Buffett and Burry sound the alarm about a bubble in the global market

Investors Michael Burry and Warren Buffett have once again issued warning signals about the direction of financial markets in November, according to BeinCrypto. While Burry reinforces bets against Wall Street, the famous “Buffett Indicator” reached its highest level in history, suggesting that the US stock market may be dangerously overvalued.

The analyst known as Short Bear described Burry’s latest 13F report as the “boldest” ever presented. The document shows aggressive short positions, with $50 and $30 put option contracts expiring between 2026 and 2027, a clear indication of a bet on a major correction in the coming years.

According to analyst Kashyap Sriram, Burry repeated the pattern from 2024, when he bet on the fall shortly before the April collapse that wiped billions out of the market. He stated that the investor “is short again, on the verge of settling accounts with the AI ​​bubble,” comparing the current euphoria to the tale “The Emperor’s New Clothes.”
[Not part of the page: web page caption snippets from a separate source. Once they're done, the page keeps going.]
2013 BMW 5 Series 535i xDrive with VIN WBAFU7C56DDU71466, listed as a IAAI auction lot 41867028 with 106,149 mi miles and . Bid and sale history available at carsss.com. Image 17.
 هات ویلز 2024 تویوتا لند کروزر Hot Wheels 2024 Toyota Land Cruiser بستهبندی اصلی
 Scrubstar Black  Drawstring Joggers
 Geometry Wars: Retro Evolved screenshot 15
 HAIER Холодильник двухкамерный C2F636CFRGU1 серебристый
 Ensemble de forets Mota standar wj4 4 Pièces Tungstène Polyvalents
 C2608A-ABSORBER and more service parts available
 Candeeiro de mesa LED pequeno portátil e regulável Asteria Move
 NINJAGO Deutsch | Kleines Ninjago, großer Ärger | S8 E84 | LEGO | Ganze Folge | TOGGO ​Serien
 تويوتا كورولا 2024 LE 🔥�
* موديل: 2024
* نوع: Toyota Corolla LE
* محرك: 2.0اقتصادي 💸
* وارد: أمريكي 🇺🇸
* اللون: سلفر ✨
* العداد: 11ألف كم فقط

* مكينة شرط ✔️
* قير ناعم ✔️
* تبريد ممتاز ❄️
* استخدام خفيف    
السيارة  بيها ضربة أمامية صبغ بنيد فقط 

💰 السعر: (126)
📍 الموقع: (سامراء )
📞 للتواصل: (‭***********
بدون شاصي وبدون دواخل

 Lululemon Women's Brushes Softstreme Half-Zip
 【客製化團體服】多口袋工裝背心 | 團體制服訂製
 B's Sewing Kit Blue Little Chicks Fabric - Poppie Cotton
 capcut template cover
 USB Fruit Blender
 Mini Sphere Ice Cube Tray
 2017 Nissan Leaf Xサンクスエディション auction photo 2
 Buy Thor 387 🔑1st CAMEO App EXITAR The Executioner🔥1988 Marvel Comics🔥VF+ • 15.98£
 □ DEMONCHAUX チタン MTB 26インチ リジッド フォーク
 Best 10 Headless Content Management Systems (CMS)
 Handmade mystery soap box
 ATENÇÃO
Burry’s strategy reflects his conviction that the prices of AI-driven stocks are inflated beyond reason, reminiscent of his famous bet against the housing market in 2008.

Meanwhile, the “Buffett Indicator,” the ratio between the total value of stocks and the US GDP, reached 233.7%, surpassing the peak recorded during the dot-com bubble. Gieger Capital highlighted that “when this ratio exceeds 200%, you’re playing with fire,” referring to Buffett’s warning about the risk of extreme overvaluation.

This disconnect between market value and the real economy suggests an environment prone to severe corrections. Historically, such high levels have preceded long periods of bear market, indicating that optimism may be at its limit. The record reading raises concerns about a sharp reversal.

Meanwhile, the impact is already being felt in cryptocurrencies. The Coin Bureau estimates that the crypto market has lost $790 billion since October, with total market capitalization plummeting from $4.22 trillion to $3.43 trillion. Ran Neuner warned that “a 5% to 10% drop in stocks could accelerate digital losses,” reinforcing the climate of global caution.